Was it the vectorisation talk from ADC2018?
Was both the power of 2 thing and the alignment thing to do with optimal caching?

Ah, it wasn’t a simd talk, but a cpu cache talk. The bit I was remembering was about cache associativity, which had to do with stride, so unsure if related (would have to look under the hood at what vdsp is actually doing?..) (@ 51:15) CPU Cache Effects - Sergey Slotin - Meeting C++ 2022 - YouTube

@PaulDriessen Have to say Thank you!!! I spent some time to rewrite my osc and oscState classes with a juce::dsp::SIMDRegister and by an amazing miracle, the load dropped 2 times :slight_smile:

I also created my own AudioBuffer which uses juce::dsp::SIMDRegister. So now I have max 31% CPU Load on Apple A12X with 16 voices x 4 osc x 16 unison x 4 oversampling + 2 moog filters on each voice smooth wavetable with a crossfade a-b + FM Modulation. That’s amazing) Before it was 58% cpu/load. So now I can use 32 voices with 57% cpu.

image
btw without filters it’s now just 21% cpu/load.

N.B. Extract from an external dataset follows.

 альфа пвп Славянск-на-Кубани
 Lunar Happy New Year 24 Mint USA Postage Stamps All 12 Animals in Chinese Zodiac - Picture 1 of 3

Just for the comparison. With same setup here is some commercial synth load :stuck_out_tongue_closed_eyes:
telegram-cloud-photo-size-2-5235500383353291752-x

This makes me think that SIMD is a worthwhile thing!. But unfortunately with FloatVectorOperations I was not able to repeat the same thing, the load only grew in 1.5-2.

One very important thing. Always use static values in for loop. So the compiler will successfully unroll them. It doesn’t unroll them if you pass a non-constexpr value and CPU load increases exponentially.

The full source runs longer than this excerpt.